Information shown »
◇ ◇ ◇
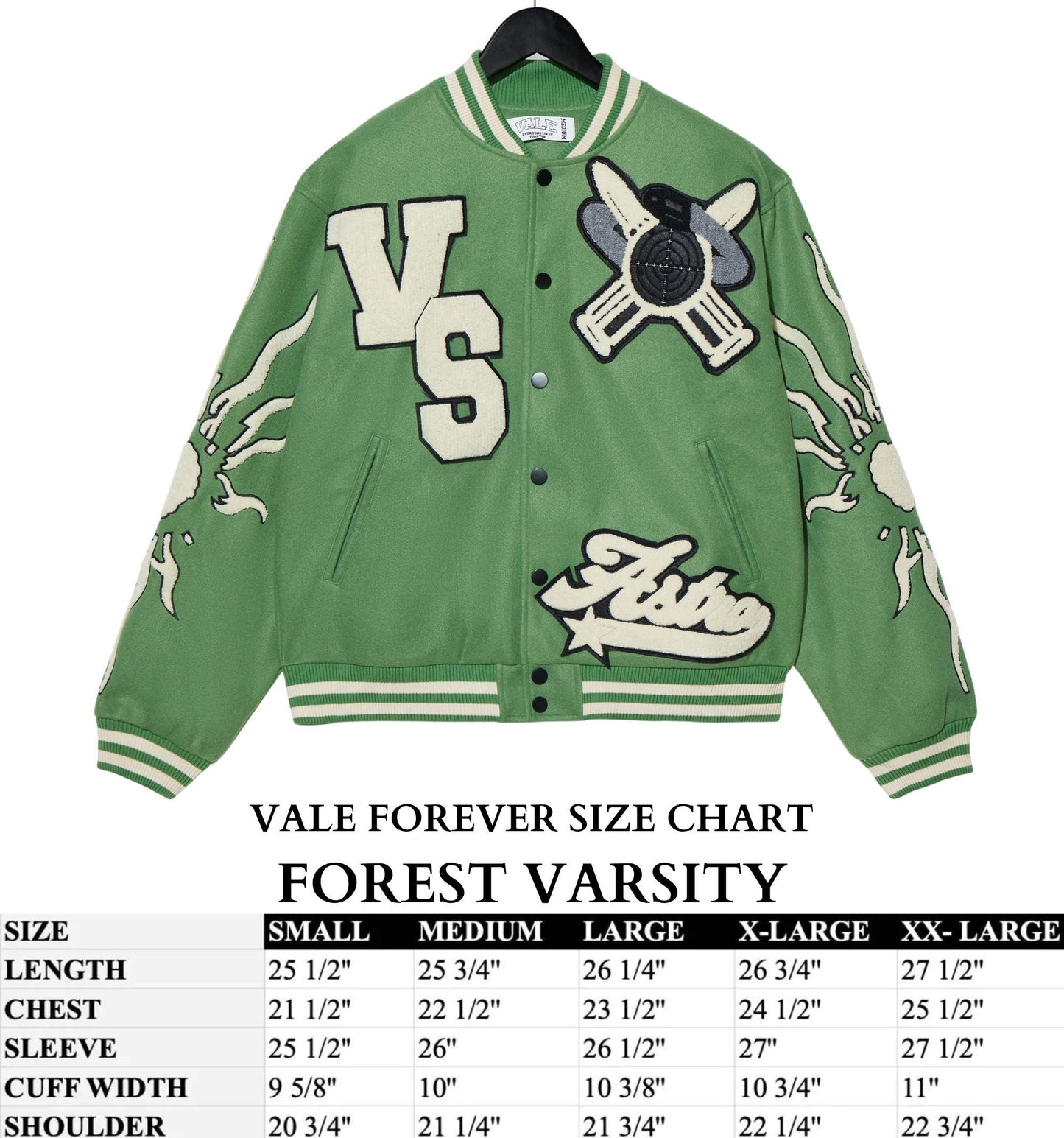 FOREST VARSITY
◇ ◇ ◇
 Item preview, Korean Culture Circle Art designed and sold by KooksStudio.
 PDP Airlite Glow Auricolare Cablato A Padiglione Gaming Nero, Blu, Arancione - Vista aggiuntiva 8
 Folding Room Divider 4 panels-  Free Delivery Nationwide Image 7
◇ ◇ ◇
Description of the task » Working from the material above, restate word for word the lines between the line with "PDP Airlite Glow" and the line with "Folding Room Divider", both included, and only those.

Written solution »
 PDP Airlite Glow Auricolare Cablato A Padiglione Gaming Nero, Blu, Arancione - Vista aggiuntiva 8
 Folding Room Divider 4 panels-  Free Delivery Nationwide Image 7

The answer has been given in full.